Question

A current gain for a transistor working as CB amplifier is \(0.90\). If emitter current is \(10 \mathrm{~mA}\), then base current is (A) \(1 \mathrm{~m} \mathrm{~A}\) (B) \(2 \mathrm{~m} \mathrm{~A}\) (C) \(0.1 \mathrm{~mA}\) (D) \(0.2 \mathrm{~mA}\)

Short answer

The base current (I_B) is 1 mA, which corresponds to option (A).

Step-by-step solution

Identify given information

We are given: - Current gain (\( \alpha \)) for a transistor working as a CB amplifier = 0.90 - Emitter current (I_E) = 10 mA We need to calculate the base current (I_B).

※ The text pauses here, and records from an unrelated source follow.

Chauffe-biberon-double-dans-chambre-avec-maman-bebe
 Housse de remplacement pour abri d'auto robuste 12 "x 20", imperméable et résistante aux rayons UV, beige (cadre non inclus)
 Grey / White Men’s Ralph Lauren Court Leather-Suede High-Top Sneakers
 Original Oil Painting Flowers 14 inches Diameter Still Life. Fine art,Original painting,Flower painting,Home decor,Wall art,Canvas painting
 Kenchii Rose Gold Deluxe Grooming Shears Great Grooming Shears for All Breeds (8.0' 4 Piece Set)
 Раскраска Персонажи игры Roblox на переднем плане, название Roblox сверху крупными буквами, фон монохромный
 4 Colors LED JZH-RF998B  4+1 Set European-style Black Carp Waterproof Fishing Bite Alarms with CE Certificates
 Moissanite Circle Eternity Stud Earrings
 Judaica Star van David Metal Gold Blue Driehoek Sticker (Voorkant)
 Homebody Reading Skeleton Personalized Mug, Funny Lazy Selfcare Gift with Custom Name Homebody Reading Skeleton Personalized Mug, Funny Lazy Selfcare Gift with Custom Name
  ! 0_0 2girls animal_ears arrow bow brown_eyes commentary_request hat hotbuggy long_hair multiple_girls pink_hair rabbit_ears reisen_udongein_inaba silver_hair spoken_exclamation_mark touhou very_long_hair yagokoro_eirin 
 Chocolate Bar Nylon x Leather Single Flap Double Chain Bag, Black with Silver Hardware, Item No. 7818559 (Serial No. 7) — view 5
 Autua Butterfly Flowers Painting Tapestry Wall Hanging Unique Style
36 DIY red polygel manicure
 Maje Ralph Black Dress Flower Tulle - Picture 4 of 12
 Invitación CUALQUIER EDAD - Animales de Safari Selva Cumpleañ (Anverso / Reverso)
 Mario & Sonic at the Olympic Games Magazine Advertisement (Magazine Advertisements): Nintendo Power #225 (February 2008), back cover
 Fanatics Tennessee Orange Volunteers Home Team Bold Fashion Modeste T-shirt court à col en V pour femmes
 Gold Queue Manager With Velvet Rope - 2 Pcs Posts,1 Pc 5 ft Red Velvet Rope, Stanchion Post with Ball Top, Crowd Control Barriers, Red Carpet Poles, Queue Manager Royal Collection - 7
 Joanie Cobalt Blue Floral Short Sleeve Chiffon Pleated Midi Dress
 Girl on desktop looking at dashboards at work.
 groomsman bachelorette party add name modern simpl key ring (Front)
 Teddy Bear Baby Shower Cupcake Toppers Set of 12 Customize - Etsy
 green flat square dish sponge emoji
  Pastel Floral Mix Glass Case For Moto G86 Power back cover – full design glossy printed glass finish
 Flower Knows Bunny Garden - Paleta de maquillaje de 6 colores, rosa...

Understand the relationship between emitter, base, and collector currents

For a transistor, the relationship between the emitter, base, and collector currents is given by: I_E = I_B + I_C In this case, we also have the current gain (\( \alpha \)), which is defined as the ratio of the collector current (I_C) to the emitter current (I_E). \( \alpha \) = I_C / I_E We can rearrange this equation to find I_C: I_C = \( \alpha \) * I_E

Calculate the collector current

Plugging in the given values: I_C = 0.90 * 10 mA = 9 mA

Calculate the base current

Now that we have the collector current, we can find the base current using the equation I_E = I_B + I_C: I_B = I_E - I_C = 10 mA - 9 mA = 1 mA So, the base current (I_B) is 1 mA, which corresponds to option (A).

Key concepts

Transistor Current Gain

In the world of electronics, transistors act as amplifiers and switches, and one crucial aspect to understand is the transistor current gain. For transistors used in common base (CB) configurations, this gain is denoted by \( \alpha \), which represents the efficiency of transferring current from the emitter to the collector.
- **Transistor Current Gain (\( \alpha \))**: It is the ratio of the collector current (\( I_C \)) to the emitter current (\( I_E \)).
\[ \alpha = \frac{I_C}{I_E} \]For a transistor in a CB configuration, \( \alpha \) is typically less than 1. This is because some current is lost through the base. In the given exercise, \( \alpha \) is 0.90, indicating that 90% of the emitter current is transferred to the collector, while 10% finds its way to the base.

Emitter Current

The emitter current, symbolized as \( I_E \), represents the total current flowing out of the transistor's emitter. It is an important quantity since it helps determine how current within the transistor is distributed between the base and collector. In transistor circuits, especially in CB amplifiers, knowing the emitter current is critical for predicting circuit behavior and performance.
- **Total Current**: The emitter current is the sum of the base current (\( I_B \)) and the collector current (\( I_C \)).
\[ I_E = I_B + I_C \]In the exercise, \( I_E \) is given as 10 mA. This means 10 mA is the total current entering the emitter that must split between the base and collector, based on the internal workings of the transistor and the specified current gain.

Base Current

Base current, denoted as \( I_B \), is one of the critical components in understanding transistor operation. Despite being small, the base current plays a major role in controlling the transistor's function as an amplifier.
- **Relationship**: Base current is calculated by subtracting the collector current from the emitter current.
\[ I_B = I_E - I_C \]In the context of the CB amplifier given in the problem statement, when the emitter current is 10 mA, and the collector current is found to be 9 mA, the resulting base current \( I_B \) is calculated as 1 mA. This illustrates how the small base current controls the larger collector current, a fundamental concept in transistor-based amplifiers.

Collector Current

The collector current, labeled as \( I_C \), is the current flowing through the collector in a transistor. This current, along with the base current, is crucial for determining how effectively a transistor functions within a circuit, especially in an amplifier configuration like the CB amplifier.
- **Calculation**: Based on the current gain and emitter current, using the formula:
\[ I_C = \alpha \times I_E \]For the given exercise, with a current gain \( \alpha \) of 0.90 and an emitter current \( I_E \) of 10 mA, the collector current \( I_C \) is calculated to be 9 mA. This collector current ensures the majority of the emitter current is channeled effectively and is responsible for the amplification process inherent to CB amplifiers.